Spreading deaf awareness is a great way to ensure accessibility and accommodation among people who need extra support in your commnunity. Whether you are a student, youth or adult, spreading deaf awareness is a wonderful initiative. Here are some helpful tips to get started in spreading deaf awareness in your community!
Spreading deaf awareness starts by educating yourself. Many organizations across the world help connect deaf individuals with resources and supporters. If you want to help, the first thing to do is get involved! Most non-governmental and charity organizations have websites that outline their history and mission as well as ways you can contribute. Many organizations have local, regional, and/or state chapters. Reach out and ask what you can do. Even small actions like re-posting infographics on your personal social media accounts or joining their email lists can be part of advocacy.

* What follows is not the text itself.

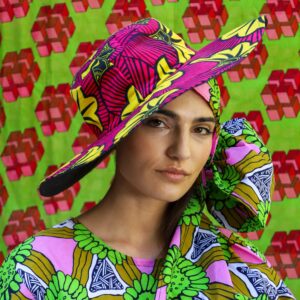 Pamela estampada africana de wax hecha a mano. Moda solidaria realizada con tejido étnico y diseño exclusivo.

If you want to go one step further, there are many groups that help with public policy and bigger initiatives. Consider what type of talents you can bring to the table. If you are more artistically inclined or have experience with social media, you can help these organizations spread awareness online. You can make social media posts that explain local statistics about hearing loss or provide resources for people to get further information. Another type of activity these public advocacy groups get involved in is legislation. If you’re interested in possibly being an intern or working part time for these groups, it’s a great experience for a high school student.
Most cities and schools have local news sites that post articles and events. Oftentimes, they will accept student commentary. Even your school publications can be a convenient way to raise awareness among fellow students. You could write about your experiences as a deaf person, or interview someone else who is deaf. Another idea is to identify ways that others can be more aware or get involved with the community. Or write about how to be more inclusive.
A great way to advocate for a cause is to have a public art installation. It’s visible and can be a fun way for community members to get involved.
I recently led a group of students with disabilities in my school district to paint a bus bench mural. We partnered with the area’s public transportation service and worked with teachers and paraeducators within the special education community. The mural was installed in front of the school district’s office.
Just by being a person with hearing loss you are spreading awareness by living your life. Don’t be afraid to talk about your need and support with your friends and community members. The more we bring awareness to hearing loss, the less stigmas and confusion exist around us.